You can't have both
May 16, 2006
500 Volumes, 114 Souls
Watching the opening scene of Pride & Prejudice is painful. My vision is blurred. I am sniffing and snuffling. Finally, I hit the PAUSE button, run to the bathroom--Karen and Offspring #3 groan--where I yank a fistful of tissues, honk! blow my nose, and wipe the silvery strings dripping down my cheeks.
The reasons:
1. Well, simply put, it's just so darn good to be back with Jane again, to be in the comforting embrace of a masterful storyteller. After the painful two-hours plus of The New World, gosh, Jane Austen is... home.
2. Karen is sitting right beside me on our little bedroom couch. Pride & Prejudice is the ultimate story of the desperate need for love and marriage in a proper middle class family.There is so much of Karen in Lizzie. There is so much of me in Darcy's desperate love of Lizzie. Karen is sitting right beside me on our little couch and a major part of me just wants to fall to the ground, grab my wife's knees and thank her, thank her, endlessly express my gratitude for loving me,for marrying me, for putting up with me all these years..."
It's finally dawned on me that there's a reason why I find Robert Avreche's "How I Married Karen" series so fascinating: My experience was exactly the opposite of his.
My husband and I met in synagogue, and knew each other for about a year and a half before we started dating. We were friends long before any other possibility had occurred to us. I joke that we got married because we got tired of commuting across Central Park to each other's apartments to stuff envelopes for synagogue mailings.
My husband and I never went through the kind of "interview" that many people do on first dates (and/or on "shidduch" [looking for a marriage partner] dates), because we already knew the answers to the sort of questions that one would ask. And we already knew that we shared interests. Our relationship grew naturally. I cannot tell you how much I recommend this approach to relationships: Instead of looking, specifically, for that special person, just do what you enjoy, and, with any luck, you'll find somone else who enjoys the same things. I've made most of my friends that way, and, in the long run, found my husband that way, too.
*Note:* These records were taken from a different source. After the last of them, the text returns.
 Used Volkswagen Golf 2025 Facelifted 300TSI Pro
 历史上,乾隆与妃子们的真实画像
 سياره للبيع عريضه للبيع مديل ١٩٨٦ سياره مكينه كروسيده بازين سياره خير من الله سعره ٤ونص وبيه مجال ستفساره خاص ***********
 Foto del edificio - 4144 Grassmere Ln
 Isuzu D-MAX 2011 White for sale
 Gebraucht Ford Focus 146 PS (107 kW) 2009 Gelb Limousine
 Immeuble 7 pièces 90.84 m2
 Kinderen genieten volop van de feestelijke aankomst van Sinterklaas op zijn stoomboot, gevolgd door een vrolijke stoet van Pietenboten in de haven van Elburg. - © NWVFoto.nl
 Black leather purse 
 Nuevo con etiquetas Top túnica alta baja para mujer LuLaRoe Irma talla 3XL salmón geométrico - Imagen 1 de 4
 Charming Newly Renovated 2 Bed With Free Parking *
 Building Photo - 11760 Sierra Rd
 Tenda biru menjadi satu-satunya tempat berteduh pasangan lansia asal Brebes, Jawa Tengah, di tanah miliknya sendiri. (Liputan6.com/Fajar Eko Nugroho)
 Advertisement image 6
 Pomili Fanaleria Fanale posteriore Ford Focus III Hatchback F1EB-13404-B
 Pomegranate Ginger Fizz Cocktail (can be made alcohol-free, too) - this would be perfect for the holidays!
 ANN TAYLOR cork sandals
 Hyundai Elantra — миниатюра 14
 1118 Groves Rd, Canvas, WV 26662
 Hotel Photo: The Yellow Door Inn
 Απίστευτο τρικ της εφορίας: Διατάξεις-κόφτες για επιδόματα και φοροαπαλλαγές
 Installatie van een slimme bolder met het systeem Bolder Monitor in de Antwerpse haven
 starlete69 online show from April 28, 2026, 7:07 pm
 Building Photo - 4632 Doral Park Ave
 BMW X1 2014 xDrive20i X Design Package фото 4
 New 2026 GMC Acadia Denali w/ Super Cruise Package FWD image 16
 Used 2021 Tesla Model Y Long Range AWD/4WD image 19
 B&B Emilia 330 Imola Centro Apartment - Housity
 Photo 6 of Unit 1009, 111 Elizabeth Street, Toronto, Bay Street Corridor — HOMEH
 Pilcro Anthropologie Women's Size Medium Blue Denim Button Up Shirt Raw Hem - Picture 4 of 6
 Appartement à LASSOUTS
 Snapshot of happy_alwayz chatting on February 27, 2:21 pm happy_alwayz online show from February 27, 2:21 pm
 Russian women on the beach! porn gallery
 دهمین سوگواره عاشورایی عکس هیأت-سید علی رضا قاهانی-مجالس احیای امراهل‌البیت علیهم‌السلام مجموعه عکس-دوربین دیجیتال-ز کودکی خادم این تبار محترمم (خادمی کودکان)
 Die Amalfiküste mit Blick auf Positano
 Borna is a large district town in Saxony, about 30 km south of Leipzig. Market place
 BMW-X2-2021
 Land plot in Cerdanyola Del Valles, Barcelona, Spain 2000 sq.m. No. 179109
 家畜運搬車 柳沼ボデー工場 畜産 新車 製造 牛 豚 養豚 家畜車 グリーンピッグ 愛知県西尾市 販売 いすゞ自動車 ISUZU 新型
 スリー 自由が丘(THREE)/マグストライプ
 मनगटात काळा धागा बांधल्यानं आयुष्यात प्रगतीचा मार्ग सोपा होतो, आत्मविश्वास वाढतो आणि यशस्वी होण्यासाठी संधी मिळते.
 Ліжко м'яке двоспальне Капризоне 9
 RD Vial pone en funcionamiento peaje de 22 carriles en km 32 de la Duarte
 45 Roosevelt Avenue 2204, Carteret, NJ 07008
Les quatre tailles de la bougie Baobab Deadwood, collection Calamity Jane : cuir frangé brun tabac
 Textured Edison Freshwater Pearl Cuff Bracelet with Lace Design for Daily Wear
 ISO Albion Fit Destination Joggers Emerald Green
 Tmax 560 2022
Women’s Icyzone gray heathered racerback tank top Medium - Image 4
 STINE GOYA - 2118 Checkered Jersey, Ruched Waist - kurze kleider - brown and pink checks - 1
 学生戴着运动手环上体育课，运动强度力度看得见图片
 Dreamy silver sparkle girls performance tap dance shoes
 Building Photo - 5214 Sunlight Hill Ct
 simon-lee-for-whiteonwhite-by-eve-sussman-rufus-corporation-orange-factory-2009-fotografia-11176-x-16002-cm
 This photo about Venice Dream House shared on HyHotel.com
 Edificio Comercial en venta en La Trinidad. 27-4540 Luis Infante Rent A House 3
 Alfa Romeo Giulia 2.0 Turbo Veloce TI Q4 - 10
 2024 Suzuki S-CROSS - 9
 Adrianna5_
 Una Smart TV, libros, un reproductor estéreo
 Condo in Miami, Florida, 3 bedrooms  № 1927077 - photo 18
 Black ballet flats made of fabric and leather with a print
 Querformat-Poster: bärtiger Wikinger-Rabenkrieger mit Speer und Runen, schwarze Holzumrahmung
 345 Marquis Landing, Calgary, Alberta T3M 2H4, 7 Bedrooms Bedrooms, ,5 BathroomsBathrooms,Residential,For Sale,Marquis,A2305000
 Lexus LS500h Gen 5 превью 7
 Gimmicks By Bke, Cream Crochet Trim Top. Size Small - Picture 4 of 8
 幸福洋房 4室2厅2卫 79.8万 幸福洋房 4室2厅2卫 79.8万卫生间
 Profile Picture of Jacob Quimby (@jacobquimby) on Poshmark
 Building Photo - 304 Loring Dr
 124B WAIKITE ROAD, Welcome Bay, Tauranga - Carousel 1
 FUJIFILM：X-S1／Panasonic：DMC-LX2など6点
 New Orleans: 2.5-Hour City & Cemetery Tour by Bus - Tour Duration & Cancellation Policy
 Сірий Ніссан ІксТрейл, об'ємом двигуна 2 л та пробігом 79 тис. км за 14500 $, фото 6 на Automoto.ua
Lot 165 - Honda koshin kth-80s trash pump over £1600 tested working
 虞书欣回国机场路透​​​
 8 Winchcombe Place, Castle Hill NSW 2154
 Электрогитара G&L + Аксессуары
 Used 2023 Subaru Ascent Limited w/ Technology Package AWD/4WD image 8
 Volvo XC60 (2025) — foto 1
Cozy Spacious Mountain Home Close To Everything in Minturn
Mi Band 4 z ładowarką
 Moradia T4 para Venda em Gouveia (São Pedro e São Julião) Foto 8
On the other hand, I've never had that "struck by lightning" experience in romance that Robert describes so beautifully. "Love at first sight and forever" is just not the way my own life happened to work out. So I guess I'm living that experience vicariously.
Love growing from friendship, or love head-over-heels from the start. Both are wonderful. But you can have only one.
2 Comments:
I think my hubby and I fall somewhere in between - there was definitely "infatuation at first sight" - and we became betrothed (not engaged - a more private covenant) after only knowing each other eight days.
But in the 8 and a half years since then, we've also had the most wonderful friendship. I'm a firm believer that you have to not only love, but also genuinely like, your partner.
Infatuation at first sight plus a life-long love and friendship--that's a wonderful kind of marriage. I guess there are other roads that can take people to the same good place.